Set down every record below exactly as written, but leave out the pictures.

=== DATA SECTION ===

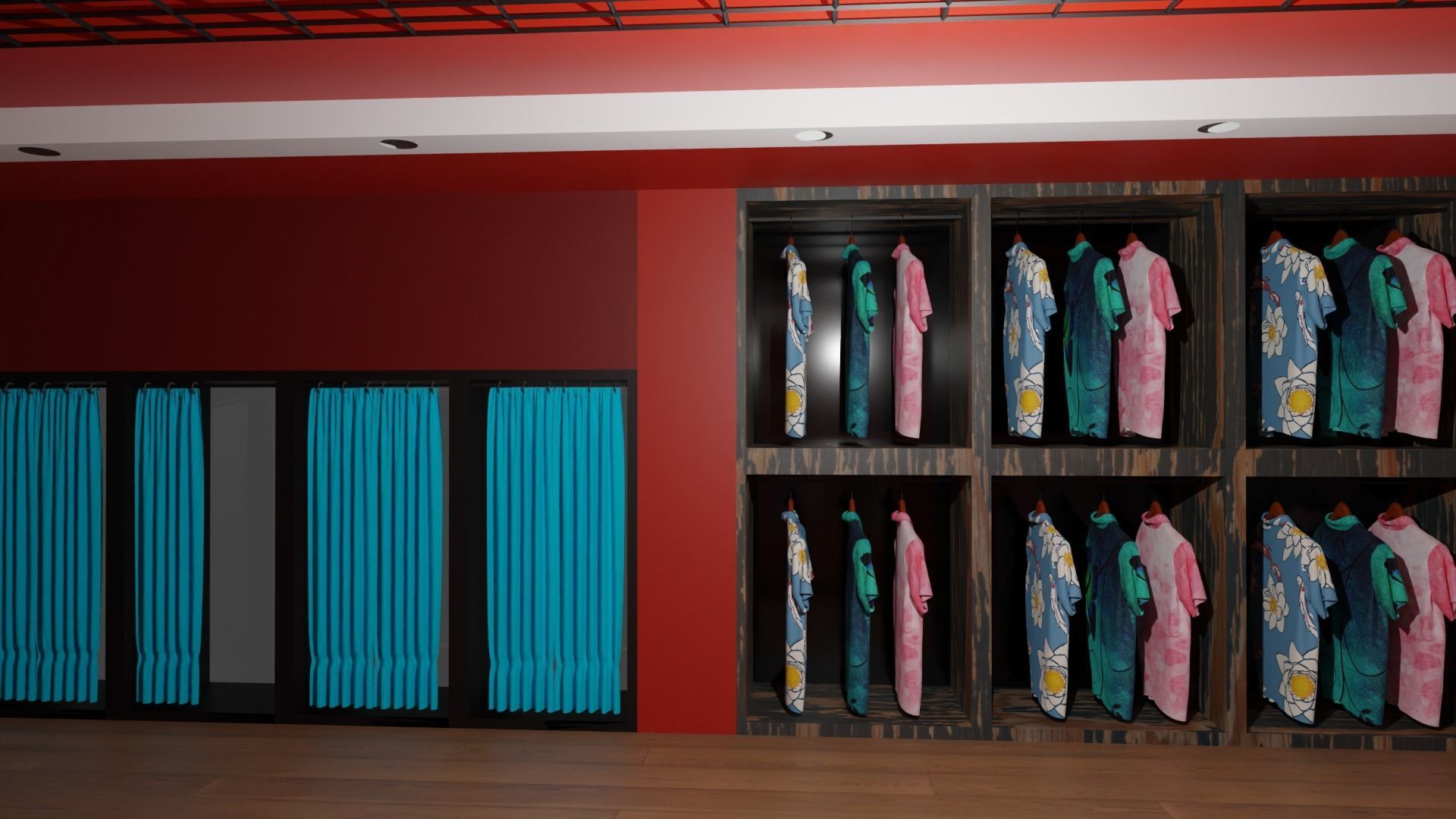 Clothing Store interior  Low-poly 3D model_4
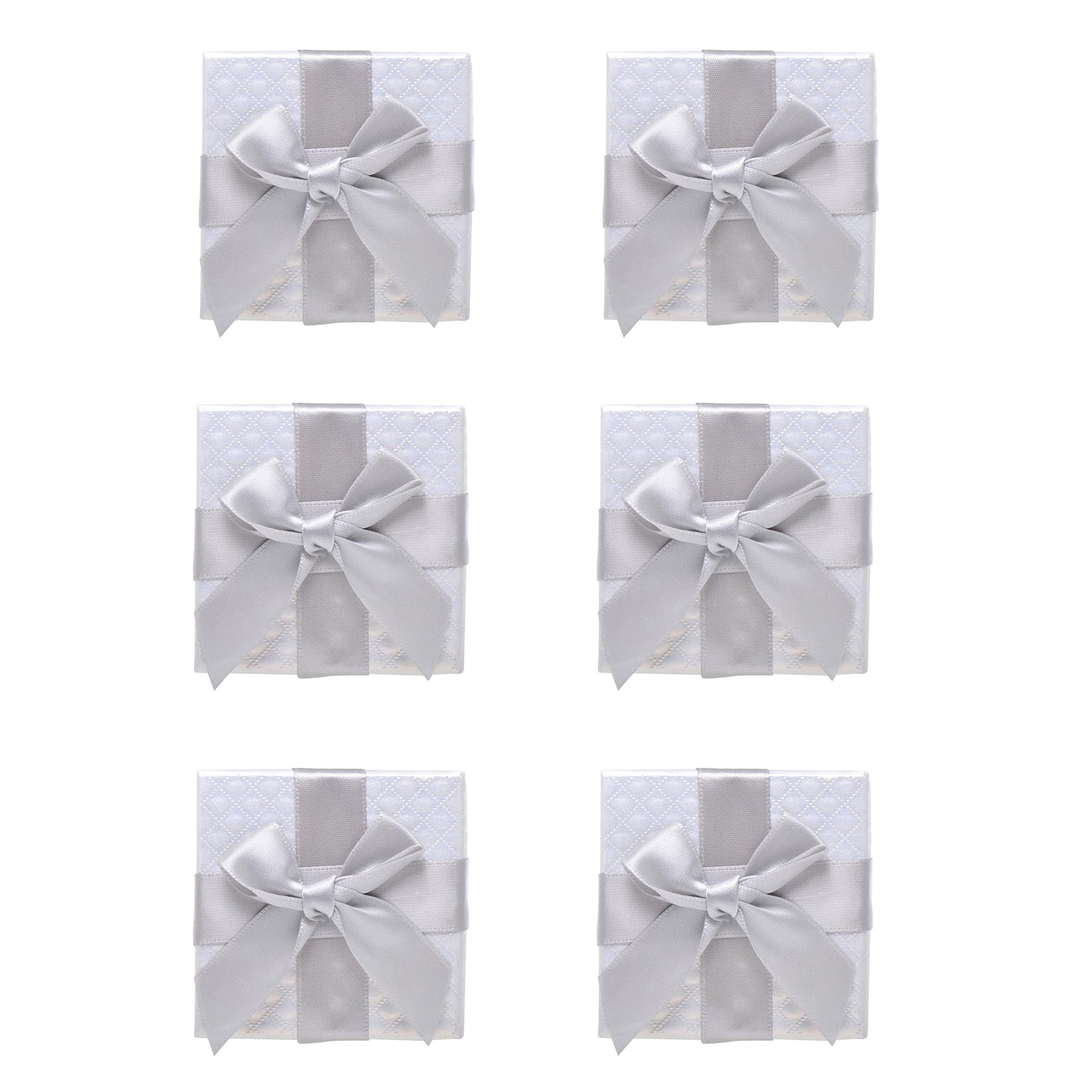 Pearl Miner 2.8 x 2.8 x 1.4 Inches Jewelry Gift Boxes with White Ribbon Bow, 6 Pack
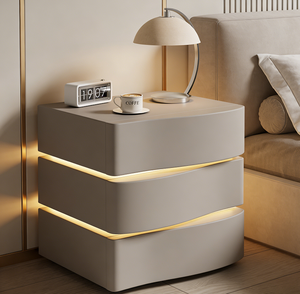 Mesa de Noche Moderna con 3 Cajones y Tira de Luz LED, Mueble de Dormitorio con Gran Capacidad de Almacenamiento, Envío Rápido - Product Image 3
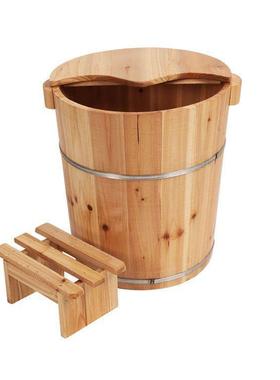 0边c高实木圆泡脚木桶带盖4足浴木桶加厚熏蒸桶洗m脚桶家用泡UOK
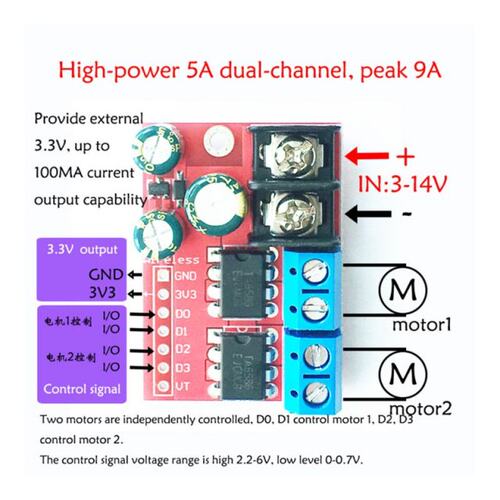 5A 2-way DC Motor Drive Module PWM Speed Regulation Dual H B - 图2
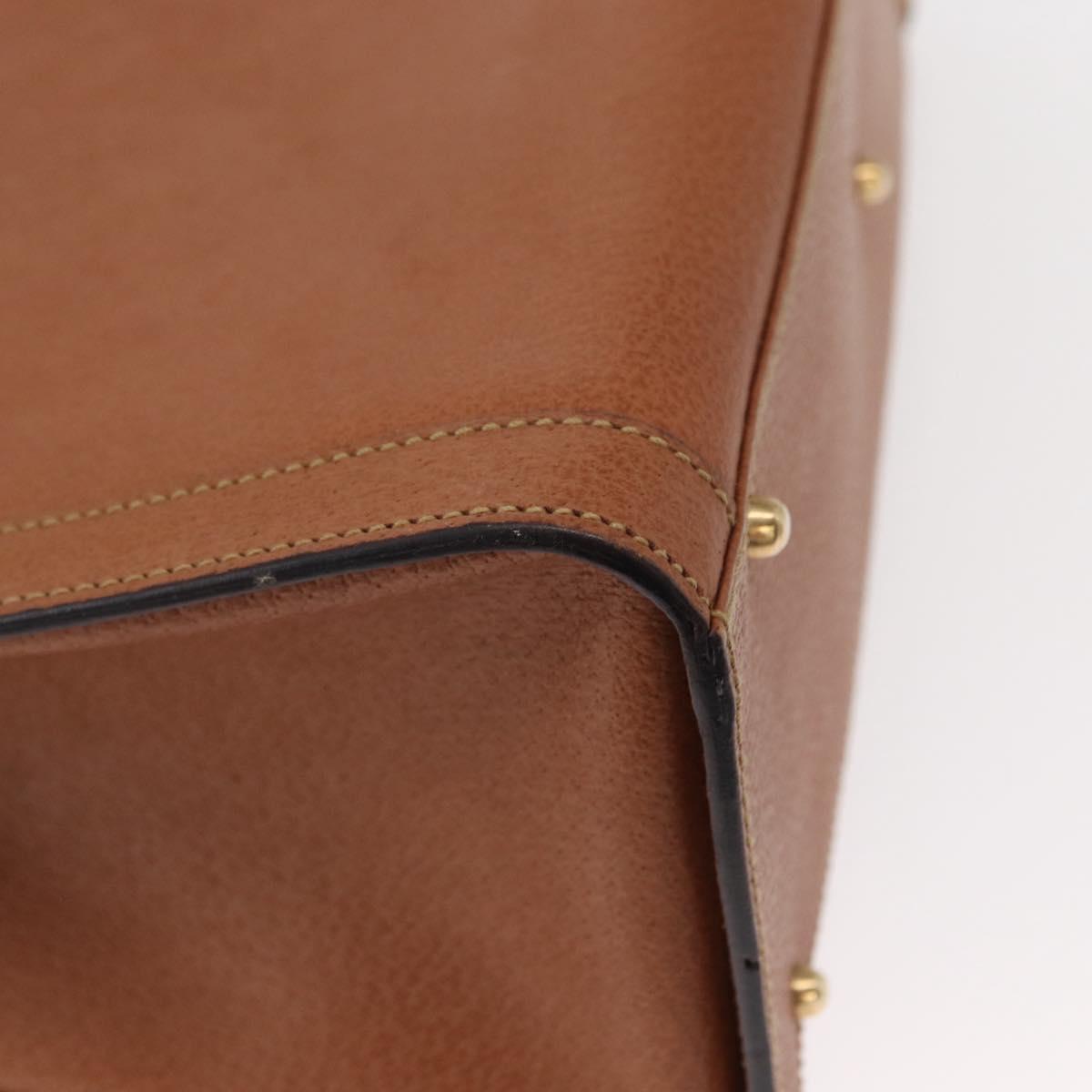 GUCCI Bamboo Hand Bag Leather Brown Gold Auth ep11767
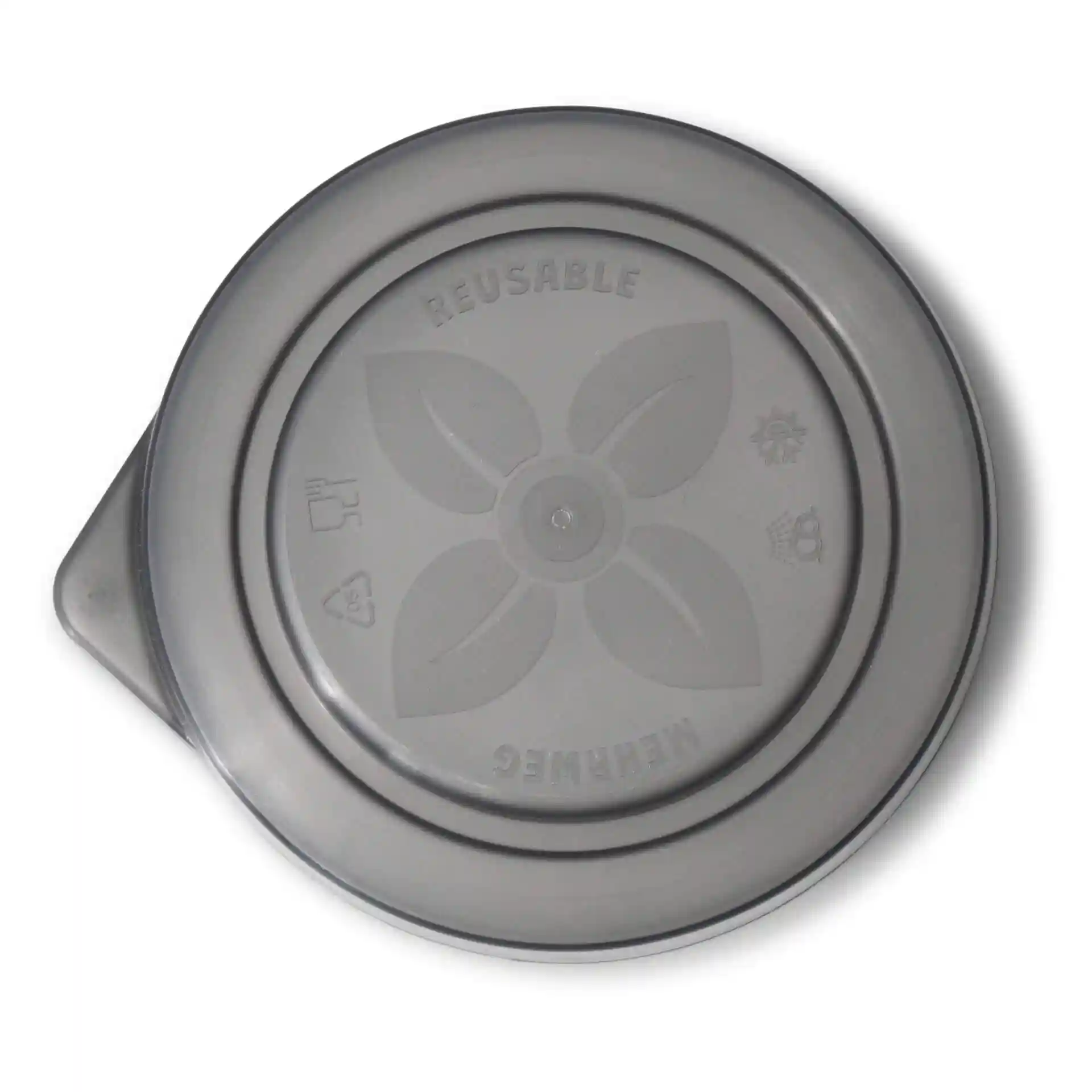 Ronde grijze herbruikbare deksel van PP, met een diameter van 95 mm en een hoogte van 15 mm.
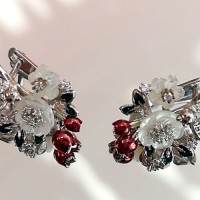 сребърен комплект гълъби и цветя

===

RESPONSE TO THE EXERCISE:
 Clothing Store interior  Low-poly 3D model_4
 Pearl Miner 2.8 x 2.8 x 1.4 Inches Jewelry Gift Boxes with White Ribbon Bow, 6 Pack
 Mesa de Noche Moderna con 3 Cajones y Tira de Luz LED, Mueble de Dormitorio con Gran Capacidad de Almacenamiento, Envío Rápido - Product Image 3
 0边c高实木圆泡脚木桶带盖4足浴木桶加厚熏蒸桶洗m脚桶家用泡UOK
 5A 2-way DC Motor Drive Module PWM Speed Regulation Dual H B - 图2
 GUCCI Bamboo Hand Bag Leather Brown Gold Auth ep11767
 Ronde grijze herbruikbare deksel van PP, met een diameter van 95 mm en een hoogte van 15 mm.
 сребърен комплект гълъби и цветя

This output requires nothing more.